-------- Source data --------
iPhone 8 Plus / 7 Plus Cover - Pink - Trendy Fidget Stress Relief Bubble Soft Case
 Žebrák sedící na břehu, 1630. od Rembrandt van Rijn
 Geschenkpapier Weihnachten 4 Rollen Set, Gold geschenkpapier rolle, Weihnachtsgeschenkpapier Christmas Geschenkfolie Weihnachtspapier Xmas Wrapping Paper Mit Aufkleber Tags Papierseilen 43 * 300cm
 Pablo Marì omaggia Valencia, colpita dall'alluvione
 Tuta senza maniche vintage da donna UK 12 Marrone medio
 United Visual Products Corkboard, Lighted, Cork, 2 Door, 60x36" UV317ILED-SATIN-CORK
--------
Your task: Every line of the material should be transcribed without alteration.

Result for this exercise:
iPhone 8 Plus / 7 Plus Cover - Pink - Trendy Fidget Stress Relief Bubble Soft Case
 Žebrák sedící na břehu, 1630. od Rembrandt van Rijn
 Geschenkpapier Weihnachten 4 Rollen Set, Gold geschenkpapier rolle, Weihnachtsgeschenkpapier Christmas Geschenkfolie Weihnachtspapier Xmas Wrapping Paper Mit Aufkleber Tags Papierseilen 43 * 300cm
 Pablo Marì omaggia Valencia, colpita dall'alluvione
 Tuta senza maniche vintage da donna UK 12 Marrone medio
 United Visual Products Corkboard, Lighted, Cork, 2 Door, 60x36" UV317ILED-SATIN-CORK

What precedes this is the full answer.